Task to complete ::
All lines from the one that mentions "Simucube 3 x" through the last of the entries below must be copied exactly, with both ends kept.

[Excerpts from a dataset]
────────────────────────────────────────

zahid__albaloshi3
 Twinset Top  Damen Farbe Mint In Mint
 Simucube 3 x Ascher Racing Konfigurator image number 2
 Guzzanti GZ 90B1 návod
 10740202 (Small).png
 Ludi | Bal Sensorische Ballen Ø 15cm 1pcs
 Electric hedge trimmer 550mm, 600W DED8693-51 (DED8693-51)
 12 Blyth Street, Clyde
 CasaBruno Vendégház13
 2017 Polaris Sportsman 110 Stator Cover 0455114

────────────────────────────────────────

Solution to the exercise ::
 Simucube 3 x Ascher Racing Konfigurator image number 2
 Guzzanti GZ 90B1 návod
 10740202 (Small).png
 Ludi | Bal Sensorische Ballen Ø 15cm 1pcs
 Electric hedge trimmer 550mm, 600W DED8693-51 (DED8693-51)
 12 Blyth Street, Clyde
 CasaBruno Vendégház13
 2017 Polaris Sportsman 110 Stator Cover 0455114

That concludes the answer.